• _PROBLEM STATEMENT_: Below is some data. Retype exactly the lines starting at the one with "Fresh Pioppino Mushrooms" and ending at the one with "100 BEAR GRASS".

##### SUPPLIED RECORDS

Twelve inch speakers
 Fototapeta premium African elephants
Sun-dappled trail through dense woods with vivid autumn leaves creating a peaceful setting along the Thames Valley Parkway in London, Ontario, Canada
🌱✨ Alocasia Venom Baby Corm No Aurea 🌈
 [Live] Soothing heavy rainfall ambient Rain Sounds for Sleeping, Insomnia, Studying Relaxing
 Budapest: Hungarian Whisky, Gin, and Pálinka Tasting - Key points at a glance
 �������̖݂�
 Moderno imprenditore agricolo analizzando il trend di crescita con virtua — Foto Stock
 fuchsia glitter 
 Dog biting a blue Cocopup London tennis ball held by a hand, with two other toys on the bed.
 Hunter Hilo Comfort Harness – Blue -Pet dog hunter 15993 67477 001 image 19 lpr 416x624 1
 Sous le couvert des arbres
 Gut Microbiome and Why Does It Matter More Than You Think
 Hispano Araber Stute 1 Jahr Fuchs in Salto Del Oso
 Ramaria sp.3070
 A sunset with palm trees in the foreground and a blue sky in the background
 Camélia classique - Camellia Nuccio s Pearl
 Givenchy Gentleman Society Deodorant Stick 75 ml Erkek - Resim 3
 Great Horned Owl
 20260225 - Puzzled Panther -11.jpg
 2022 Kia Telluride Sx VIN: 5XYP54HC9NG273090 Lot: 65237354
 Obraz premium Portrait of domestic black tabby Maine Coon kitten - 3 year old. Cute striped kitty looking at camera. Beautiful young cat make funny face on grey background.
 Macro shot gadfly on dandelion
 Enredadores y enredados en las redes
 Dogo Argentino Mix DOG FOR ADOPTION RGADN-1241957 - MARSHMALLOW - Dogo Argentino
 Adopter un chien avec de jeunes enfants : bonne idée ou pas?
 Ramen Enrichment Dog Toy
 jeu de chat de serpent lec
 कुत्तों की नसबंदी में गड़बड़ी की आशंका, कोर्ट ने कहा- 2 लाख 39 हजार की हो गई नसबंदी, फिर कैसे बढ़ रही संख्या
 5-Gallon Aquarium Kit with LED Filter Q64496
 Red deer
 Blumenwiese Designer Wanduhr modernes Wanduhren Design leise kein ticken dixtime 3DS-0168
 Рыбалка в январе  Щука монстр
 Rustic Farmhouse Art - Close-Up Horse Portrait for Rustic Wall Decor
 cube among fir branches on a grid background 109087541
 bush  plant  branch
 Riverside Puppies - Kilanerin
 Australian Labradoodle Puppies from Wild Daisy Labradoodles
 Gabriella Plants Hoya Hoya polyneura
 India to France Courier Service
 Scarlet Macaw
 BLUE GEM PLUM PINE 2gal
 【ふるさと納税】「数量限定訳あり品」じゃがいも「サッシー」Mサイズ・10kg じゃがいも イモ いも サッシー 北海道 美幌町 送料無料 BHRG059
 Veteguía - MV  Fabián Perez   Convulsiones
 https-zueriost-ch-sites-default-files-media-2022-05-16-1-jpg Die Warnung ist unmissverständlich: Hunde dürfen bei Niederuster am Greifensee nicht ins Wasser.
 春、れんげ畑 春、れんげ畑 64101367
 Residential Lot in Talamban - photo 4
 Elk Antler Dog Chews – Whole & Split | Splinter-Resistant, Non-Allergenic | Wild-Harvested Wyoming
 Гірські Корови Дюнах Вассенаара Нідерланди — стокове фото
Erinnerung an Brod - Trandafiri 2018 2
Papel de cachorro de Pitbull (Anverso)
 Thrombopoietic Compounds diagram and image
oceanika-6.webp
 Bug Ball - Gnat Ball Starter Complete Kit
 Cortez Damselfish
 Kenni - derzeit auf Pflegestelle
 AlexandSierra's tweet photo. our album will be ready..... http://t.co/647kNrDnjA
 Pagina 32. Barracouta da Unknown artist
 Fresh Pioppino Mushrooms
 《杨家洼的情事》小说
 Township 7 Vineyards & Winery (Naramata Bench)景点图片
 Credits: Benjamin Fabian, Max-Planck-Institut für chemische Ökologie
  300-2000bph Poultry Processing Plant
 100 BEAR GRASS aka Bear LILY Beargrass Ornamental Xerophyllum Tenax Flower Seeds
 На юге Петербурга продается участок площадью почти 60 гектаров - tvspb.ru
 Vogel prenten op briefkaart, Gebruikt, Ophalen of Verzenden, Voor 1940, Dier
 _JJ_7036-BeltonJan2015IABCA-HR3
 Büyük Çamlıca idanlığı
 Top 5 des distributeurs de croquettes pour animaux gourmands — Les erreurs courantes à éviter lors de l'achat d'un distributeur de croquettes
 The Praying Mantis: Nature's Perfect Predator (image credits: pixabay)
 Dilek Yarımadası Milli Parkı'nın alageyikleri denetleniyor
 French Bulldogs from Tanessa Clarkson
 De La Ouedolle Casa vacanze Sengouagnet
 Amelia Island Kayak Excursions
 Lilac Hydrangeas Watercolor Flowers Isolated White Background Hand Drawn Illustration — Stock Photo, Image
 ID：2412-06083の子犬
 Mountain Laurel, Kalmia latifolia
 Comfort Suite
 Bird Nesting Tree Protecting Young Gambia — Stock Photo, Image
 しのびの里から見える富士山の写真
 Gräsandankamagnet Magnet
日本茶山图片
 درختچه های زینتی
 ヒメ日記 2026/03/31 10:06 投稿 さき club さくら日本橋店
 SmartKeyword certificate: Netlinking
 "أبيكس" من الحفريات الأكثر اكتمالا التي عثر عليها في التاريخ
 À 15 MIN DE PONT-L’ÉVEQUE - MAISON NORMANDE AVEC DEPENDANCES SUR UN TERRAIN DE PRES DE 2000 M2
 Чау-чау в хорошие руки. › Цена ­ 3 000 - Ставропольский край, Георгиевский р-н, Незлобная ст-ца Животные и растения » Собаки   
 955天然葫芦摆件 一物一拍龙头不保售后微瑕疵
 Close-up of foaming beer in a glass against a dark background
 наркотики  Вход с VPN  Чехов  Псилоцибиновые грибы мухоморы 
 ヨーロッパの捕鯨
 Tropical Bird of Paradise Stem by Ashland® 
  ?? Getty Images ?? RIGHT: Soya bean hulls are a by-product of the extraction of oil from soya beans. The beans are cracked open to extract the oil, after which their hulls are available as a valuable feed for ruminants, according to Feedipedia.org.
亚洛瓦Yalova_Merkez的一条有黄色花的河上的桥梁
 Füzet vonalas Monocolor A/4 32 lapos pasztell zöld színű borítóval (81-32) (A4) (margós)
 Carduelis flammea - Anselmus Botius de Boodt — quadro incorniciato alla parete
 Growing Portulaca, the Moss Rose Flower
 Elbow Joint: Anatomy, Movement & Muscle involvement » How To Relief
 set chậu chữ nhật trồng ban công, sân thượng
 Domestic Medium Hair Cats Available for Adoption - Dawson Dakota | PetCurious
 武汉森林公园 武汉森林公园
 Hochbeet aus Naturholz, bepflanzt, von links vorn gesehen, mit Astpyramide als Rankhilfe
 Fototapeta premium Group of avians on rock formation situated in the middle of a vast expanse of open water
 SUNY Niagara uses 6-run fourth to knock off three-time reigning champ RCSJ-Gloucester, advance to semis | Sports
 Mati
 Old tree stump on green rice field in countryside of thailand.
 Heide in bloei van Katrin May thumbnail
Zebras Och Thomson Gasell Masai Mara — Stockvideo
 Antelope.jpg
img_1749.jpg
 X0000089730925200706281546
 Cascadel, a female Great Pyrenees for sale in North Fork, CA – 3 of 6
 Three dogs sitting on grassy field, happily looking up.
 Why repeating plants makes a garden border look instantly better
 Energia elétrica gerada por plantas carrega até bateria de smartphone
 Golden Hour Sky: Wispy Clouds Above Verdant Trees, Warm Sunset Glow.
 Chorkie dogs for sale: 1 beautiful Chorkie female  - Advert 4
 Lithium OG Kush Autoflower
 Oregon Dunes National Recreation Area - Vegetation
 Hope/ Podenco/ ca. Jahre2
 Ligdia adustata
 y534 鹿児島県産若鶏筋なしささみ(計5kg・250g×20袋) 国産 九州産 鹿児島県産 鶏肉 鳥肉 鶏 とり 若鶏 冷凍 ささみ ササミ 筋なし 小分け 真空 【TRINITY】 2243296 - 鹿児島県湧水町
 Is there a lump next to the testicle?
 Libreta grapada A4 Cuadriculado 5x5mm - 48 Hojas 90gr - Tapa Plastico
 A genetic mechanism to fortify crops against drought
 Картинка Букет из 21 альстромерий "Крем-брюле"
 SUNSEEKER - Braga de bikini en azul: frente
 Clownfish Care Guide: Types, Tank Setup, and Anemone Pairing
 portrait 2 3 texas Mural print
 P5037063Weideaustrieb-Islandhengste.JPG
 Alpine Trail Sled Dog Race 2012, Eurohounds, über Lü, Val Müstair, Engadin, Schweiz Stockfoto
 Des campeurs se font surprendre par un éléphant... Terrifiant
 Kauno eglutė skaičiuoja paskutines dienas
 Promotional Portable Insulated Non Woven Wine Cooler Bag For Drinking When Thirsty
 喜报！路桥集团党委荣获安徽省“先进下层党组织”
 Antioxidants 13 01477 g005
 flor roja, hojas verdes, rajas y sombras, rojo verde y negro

##########

• _TASK RESULT_:
 Fresh Pioppino Mushrooms
 《杨家洼的情事》小说
 Township 7 Vineyards & Winery (Naramata Bench)景点图片
 Credits: Benjamin Fabian, Max-Planck-Institut für chemische Ökologie
  300-2000bph Poultry Processing Plant
 100 BEAR GRASS aka Bear LILY Beargrass Ornamental Xerophyllum Tenax Flower Seeds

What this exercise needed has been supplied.